Wessen Bundesrat ist er nun, der am Mittwoch gewählte Ignazio Cassis (FDP, 56)? Gehört er der SVP, deren Stimmen seine Wahl erst möglich gemacht haben?

Die SVP selbst meint das jedenfalls. «Mit Cassis sollten die Zeiten von Mitte-links-Mehrheiten im Bundesrat vorbei sein», sagte etwa der Luzerner Nationalrat Franz Grüter (54) gegenüber dem «St. Galler Tagblatt».

Das gilt besonders für die Europa-Politik. Cassis habe der Partei im Hearing drei Versprechen gegeben, so SVP-Präsident Albert Rösti (50): dass er im EU-Dossier den Reset-Knopf drücke, dass es kein Rahmenabkommen und keine «fremden Richter» geben werde und dass er die Guillotineklausel aus den Bilateralen streichen werde.

Ignazio Cassis (56) nimmt Gratulationen zur Wahl in den Bundesrat entgegen.
Foto: Keystone

Diese Klausel besagt, dass bei Kündigung eines Abkommens auch alle anderen hinfällig werden. «An diesen Versprechen werden wir Cassis messen», so Rösti.

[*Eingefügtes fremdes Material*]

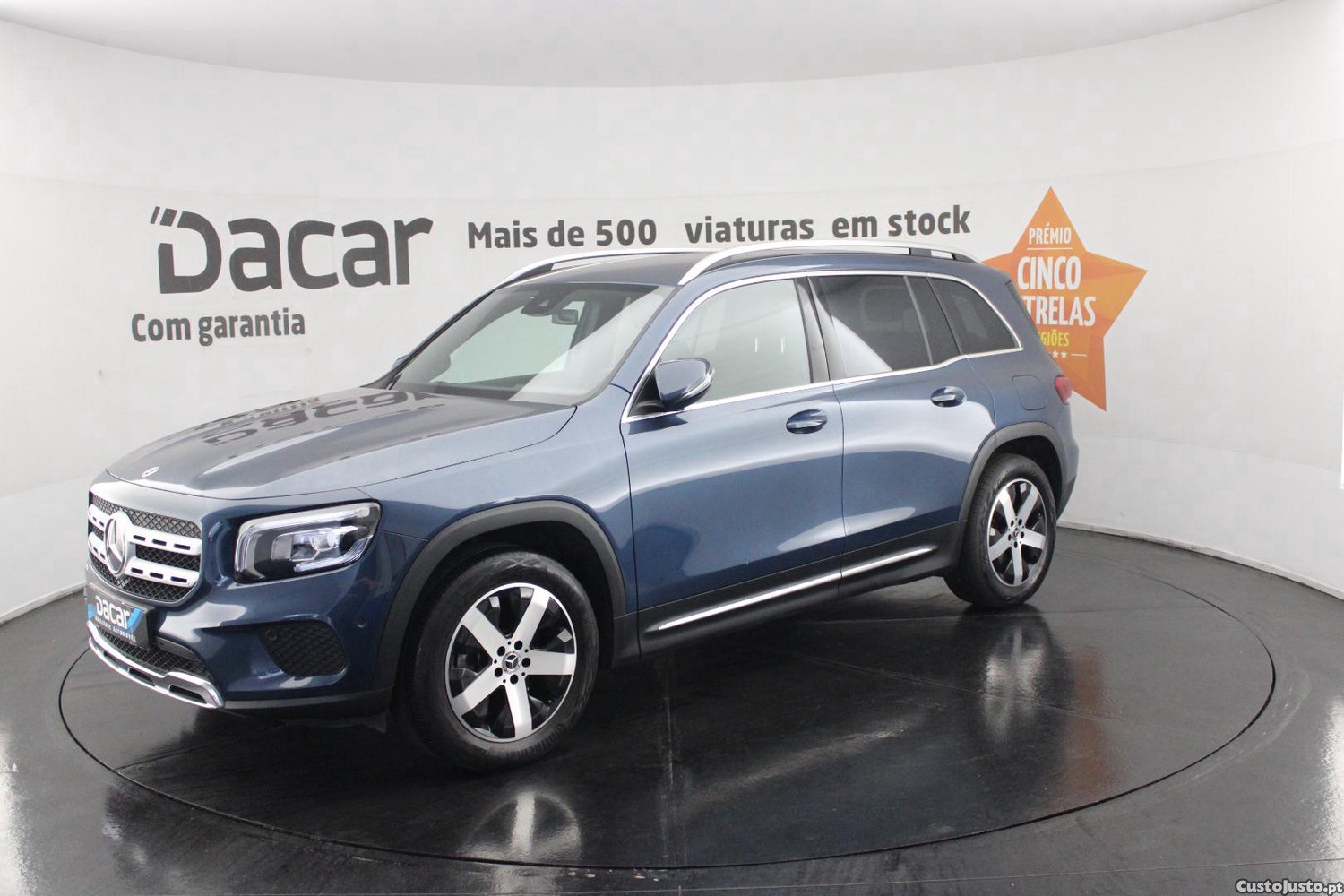 Mercedes-Benz GLB 200 D PROGRESSIVE (AUTO) - 21 — photo 3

Cassis nach der gestrigen Wahl beim Bad in der Menge.
Foto: EQ Images/Monika Flückiger

Mehr Verständnis für Arbeitnehmer

Für SP-Präsident Christian Levrat (47) sind das naive Vorstellungen. Das hindert den Genossen aber nicht daran, eigene Erwartungen an den neuen Magistraten zu formulieren. So hofft Levrat, dass Cassis mehr Verständnis für die Probleme der Arbeitnehmer in den Bundesrat einbringen werde. Sprich: dass er für einen Ausbau der flankierenden Massnahmen zu haben ist.

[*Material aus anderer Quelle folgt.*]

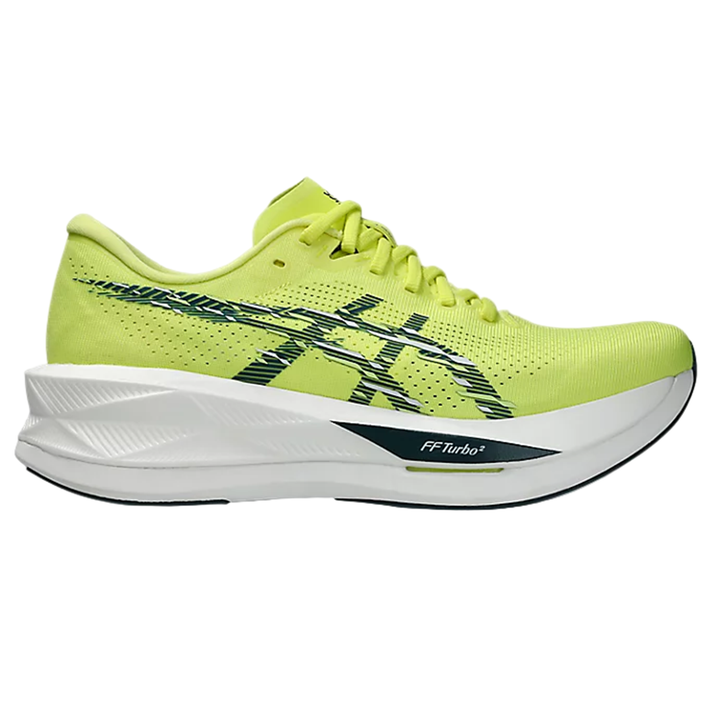 Asics Mens Sonicblast - Citron/Tranquil - Neutral - AW25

«Cassis weiss, wie wichtig der Schutz der Löhne und Arbeitsbedingungen ist», glaubt auch SP-Nationalrat und Unia-Boss Corrado Pardini (52). Als Tessiner könne er in diesen Fragen daher von der FDP-Linie abweichen, so Pardini gegenüber dem «Tages-Anzeiger».

Hoffnung auf den Brückenbauer

CVP-Präsident Gerhard Pfister (54) findet die SP- und SVP-Wünsche irritierend: «Es ist unsinnig, Bundesräte mit parteipolitischen Forderungen zu überziehen», sagt er zu BLICK. Ich erwarte von Ignazio Cassis nicht, dass er CVP-Politik macht. Er soll die Beschlüsse des Bundesrats mittragen und umsetzen.»

Pfister hofft allerdings, dass Cassis sich wie versprochen als Brückenbauer beweist: «Das heisst, dass er kein Block-Politiker ist, sondern offen für alle Partner.»

Auch in der Europa-Politik hat der Zuger klare Vorstellungen von der Aufgabe des neuen Bundesrats: «Egal, ob man das Reset nennt oder wie auch immer: In der Europapolitik werden wir ihn daran messen, ob er den bilateralen Weg verteidigen kann.»